-------- Material for the task

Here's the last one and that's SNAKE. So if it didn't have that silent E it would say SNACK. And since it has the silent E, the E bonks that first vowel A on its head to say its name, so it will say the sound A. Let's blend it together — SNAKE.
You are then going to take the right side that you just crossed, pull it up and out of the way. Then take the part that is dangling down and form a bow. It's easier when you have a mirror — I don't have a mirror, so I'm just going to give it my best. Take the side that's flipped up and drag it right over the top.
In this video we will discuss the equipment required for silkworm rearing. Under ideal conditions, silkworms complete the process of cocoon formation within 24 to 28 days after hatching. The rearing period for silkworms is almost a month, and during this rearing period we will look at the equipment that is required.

----------------
-------- Material for the task

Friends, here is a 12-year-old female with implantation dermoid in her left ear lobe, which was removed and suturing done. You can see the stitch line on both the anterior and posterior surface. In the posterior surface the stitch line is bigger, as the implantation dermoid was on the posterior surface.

----------------

What are the lines above that hold the string "have"? Copy them.

Here's the last one and that's SNAKE. So if it didn't have that silent E it would say SNACK. And since it has the silent E, the E bonks that first vowel A on its head to say its name, so it will say the sound A. Let's blend it together — SNAKE.
You are then going to take the right side that you just crossed, pull it up and out of the way. Then take the part that is dangling down and form a bow. It's easier when you have a mirror — I don't have a mirror, so I'm just going to give it my best. Take the side that's flipped up and drag it right over the top.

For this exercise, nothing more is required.